FRIESISCHE FRAU AUS WESTERLAND AUF SYLT. Um 1724.

von A. von HEYDEN.

Die Insel Sylt, ein schützender Wall für die schleswigholsteinische Westküste, hatte noch im fünfzehnten Jahrhundert fast die doppelte Breite ihrer jetzigen Ausdehnung; aber Welle auf Welle beraubt das Land, bevölkerte Ortschaften sind in der Tiefe des Meeres begraben, und die schmale Landzunge von Hörnum, wo einst eine mutige, kräftige Bevölkerung wohnte, trägt kaum noch eine einsame Hütte.

Die Insel Sylt ist jetzt noch von etwa dreitausend Seelen bewohnt, mehr Frauen als Männern, denn der gefahrvolle Beruf des Seefahrers, dem die letzteren fast ausschliesslich angehören, rafft leider einen sehr grossen Prozentsatz dieser kräftigen, breitschulterigen Männer dahin. Sie sind gesucht als Kapitäne und Steuerleute der Kauffahrtsschiffe, und auf ihren knochigen, wettergebräunten Gesichtern hat das Leben tiefe Runen geschnitten, ohne den ruhigen, vertrauen erweckenden Ausdruck der tiefblauen Augen beeinträchtigen zu können.

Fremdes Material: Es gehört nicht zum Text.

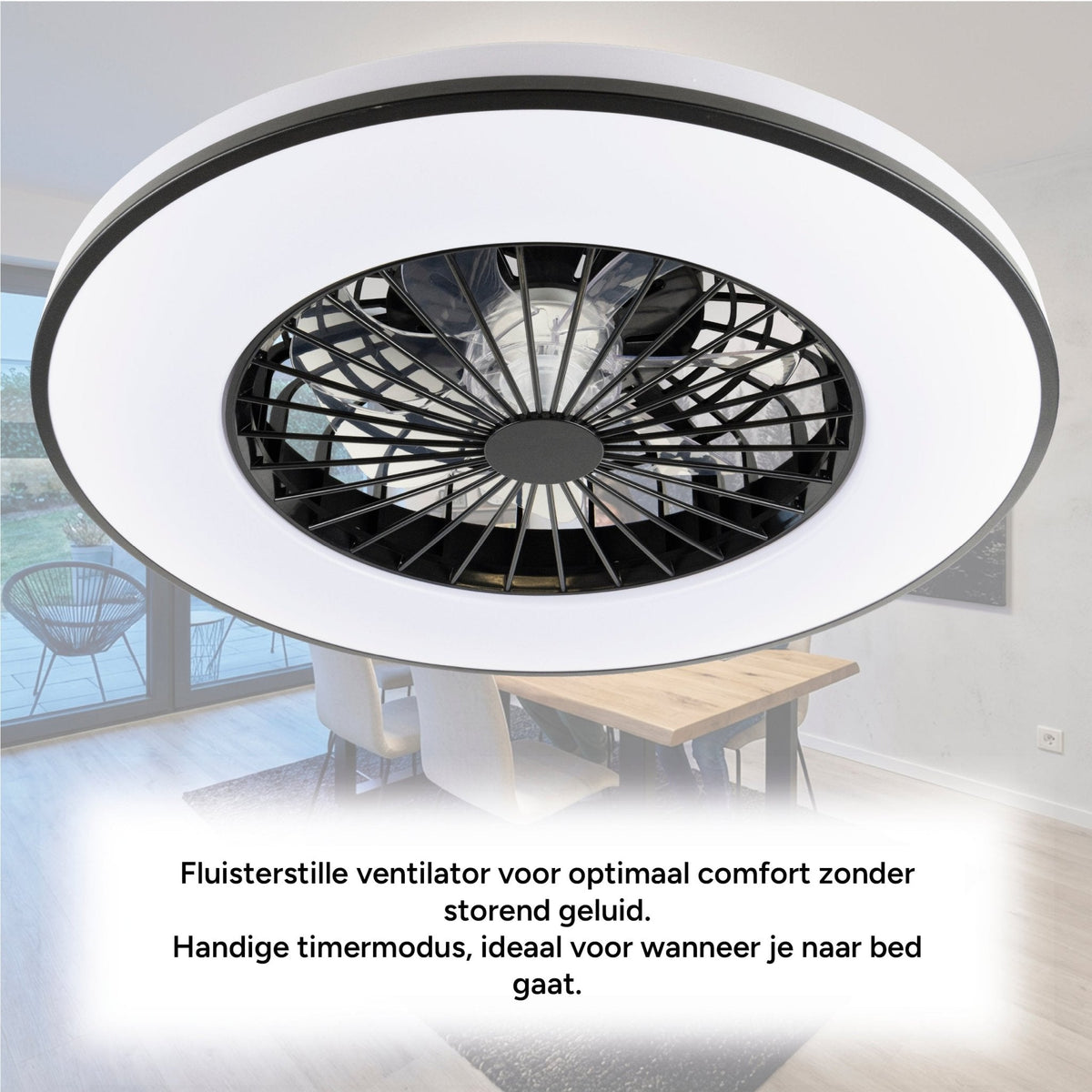 LED's Light Plafondventilator met Verlichting 48,5 cm – Zwart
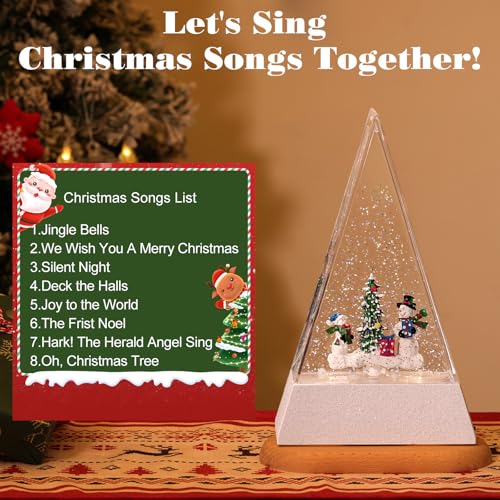 Lewondr LED Schneekugel Weihnachten mit Musik & Licht & Timer, Dreieck Elektrische Schneekugel Weihnachten mit 8 Weihnachtsliedern… – Ansicht 3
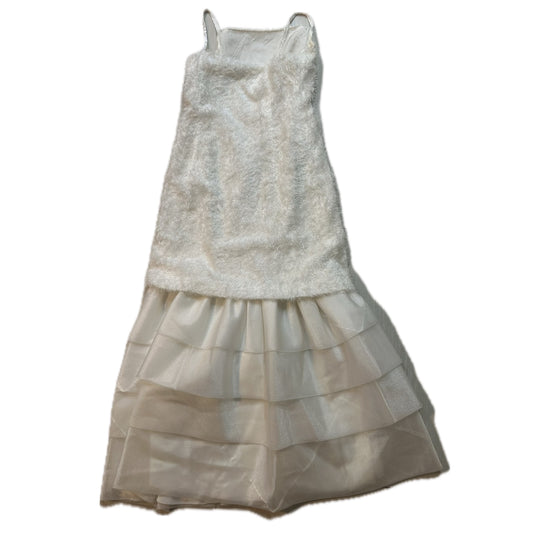 Balenciaga Mode Fluffy Square Neck Spaghetti Pearl Strap w Layered Skirt Dress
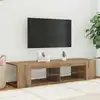 Image de Meuble Tv Avec Lumières Led Chêne Artisanal Bois D'ingénierie Vidaxl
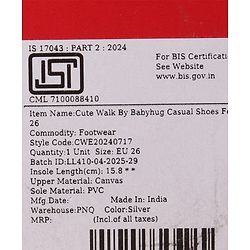 Cute Walk by Babyhug Casual Shoes with Velcro Closure & Glitter Print - Golden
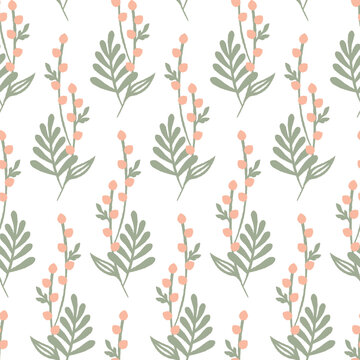 Series of floral seamless pattern in simple hand drawing style for print wallpaper fabric textile paper warp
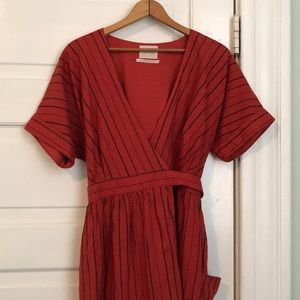 Red and black wrap dress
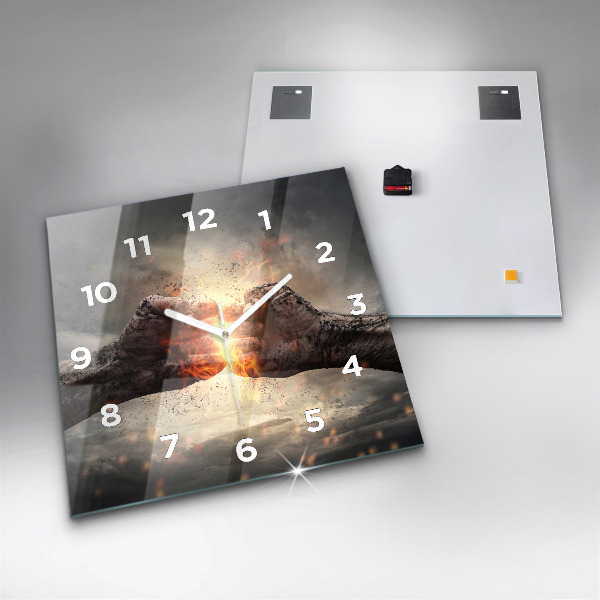 Square glass wall clock Fists Strength Power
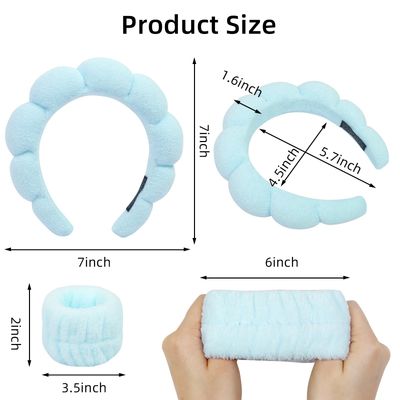 Tobeffect Spa Headband for Washing Face and Wristbands Set, Skincare Makeup Sponge Headbands for Women and Skin Care Wristband Wash Face, Terry Cloth Bubble Head Band Puffy Padded Hairband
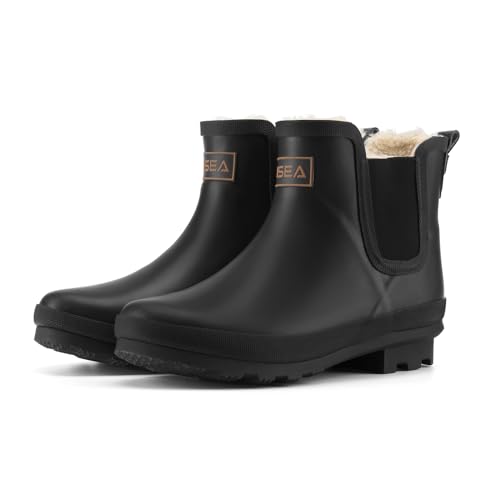 HISEA Women's Plush Rain Boots Waterproof, Chelsea Rubber Booties Women, Ladies Ankle Snow Boots for Winter Spring Garden Outdoor, Black Size 7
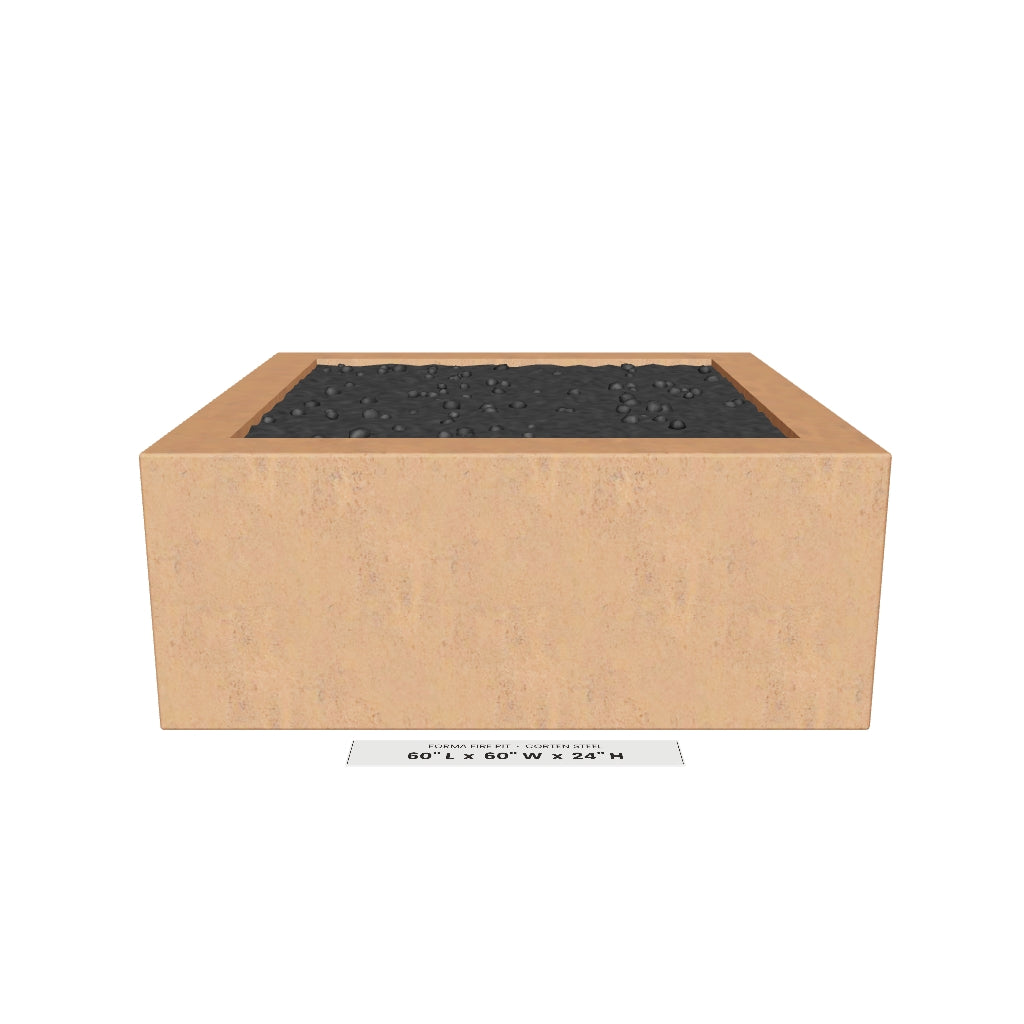 Forma Fire Pit Corten Steel 3D model – 60 in x 60 in x 24 in tall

Jede der friesischen Inseln hat ihre eigene Tracht; heute jedoch ist nur noch wenig davon zu finden; gerade der häufige Verkehr mit den Fremden in den Seebadern von Föhr und Sylt nivelliert die Erscheinungen und wirft, was noch von Früherem übrig ist, bei Seite; die Wenigen, welche noch die alte Art gesehen, sterben aus. Der alte Hansen in Keitum, der mit der grössten Pietät alle alten Reste der Vergangenheit von Sylt sammelte, weilt auch nicht mehr unter den Lebenden, und mit ihm ist ein tüchtiges Stück lebender Geschichte und Kulturgeschichte seines Vaterlandes geschwunden.

Das vorliegende Kostüm, sowie einige andere verdanke ich den freundschaftlichen Mitteilungen dieses liebenswürdigen Greises. Es zeigt seine Ahne, Frau Erkel Brooken, Gattin des Hans Carsten Brooken von Westerland, dessen Kostüm wir später bringen werden, im Hochzeitsstaat. Das rote Wollkleid, in vielen Falten an das knappe Mieder gesetzt, reicht bis zur Mitte der Wade des mit roten Strümpfen bekleideten Beines und hat einen breiten weissen Besatz, ebenso wie das Mieder weissen Einsatz hat.

Ein Gürtel von golddurchwirktem Bande, Bialt genannt, und eine goldene Schnur mit mächtigen Quasten sind um die Hüften geschlungen. Manschetten von Spitzen zieren die engen Ärmel, das Handgelenk, wie die Stulpen der weissen Lederhandschuhe. Auf der Mitte des Rockes, fast auf der halben Länge desselben, ist eine goldene Rosette mit Bandenden befestigt.

Über den Schultern liegt ein schwarzer Mantel, mit weissem Pelz gefüttert; kürzer wie der Rock, erreicht er dessen unteren Saum nur durch eine Reihe von dicken Pelzquasten, welche den Saum des Mantels einfassen und in fast gleicher Form häufig bei mittelalterlichen Kostümen auf deutschen Bildern des XV. und XVI. Jahrhunderts sich finden.

Die Falten sind an den Schultern an einen Kragen gesetzt, der, ebenfalls mit Pelz garniert, doch in dem Hauptstück von Goldstoff ist und die grösste Ähnlichkeit mit den Schulterstücken des Mantels der Lübischen Patrizierfrau hat, welche wir auf dem 130. Blatte abgebildet.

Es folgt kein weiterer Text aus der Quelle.